La conveniencia del sacerdocio para las
mujeres
2019-07-06
La dimensión de lo femenino
no es exclusiva de las mujeres, pues tanto los hombres como las mujeres somos
portadores, cada cual en su propio estilo, de lo masculino y de lo femenino.
Tomás de Aquino en la Suma Teológica, ya en su primera cuestión, al abordar el
objeto de la teología, dejaba claro que puede abordar cualquier tema, siempre
que lo haga a la luz de Dios. En caso contrario perdería su pertinencia. Por lo
tanto, en esta perspectiva, cabe preguntarse acerca del sacerdocio de las
mujeres, realidad que les fue negada en la Iglesia romano-católica. Y
considerar las buenas razones teológicas que garantizan su conveniencia.
El
llamado “depósito de la fe”, es decir, la positividad cristiana, no es una
cisterna de aguas muertas. Ella se reaviva confrontándose con los cambios
irrefrenables de la historia, como en el caso suscitado por el Sínodo de la
Amazonia.
Así,
en todo el mundo se verifica cada vez más la reafirmación de la paridad de la
mujer, en dignidad y derechos, con el varón. Comprensiblemente, no es fácil
desmontar siglos de patriarcalismo, que implica disminuir y marginar a la
mujer. Pero lenta y consecuentemente, las discriminaciones van siendo superadas
y, en ciertos casos, hasta castigadas. En la práctica, todos los espacios
públicos y las más diversas funciones están abiertas a las mujeres. ¿Vale esto
también para el sacerdocio de las mujeres dentro de la Iglesia romano-católica?

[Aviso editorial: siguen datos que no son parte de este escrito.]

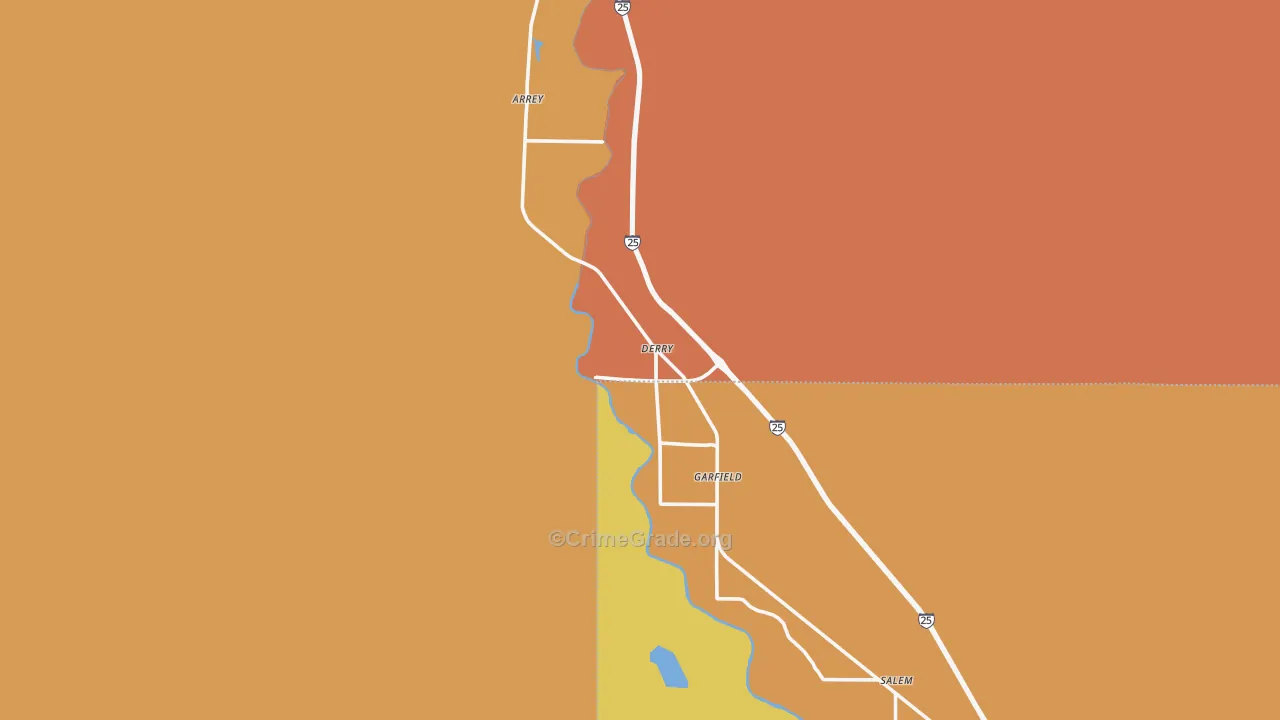 Derry, NM Map of Murder Rates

En las Iglesias evangélicas, en la anglicana y también en el rabinato, las
mujeres han sido admitidas en la función antes reservada sólo a los varones.
Hasta
fecha reciente la Iglesia romano-católica, en los estratos de la más alta
oficialidad, se negaba a plantear la cuestión, especialmente con Juan Pablo II.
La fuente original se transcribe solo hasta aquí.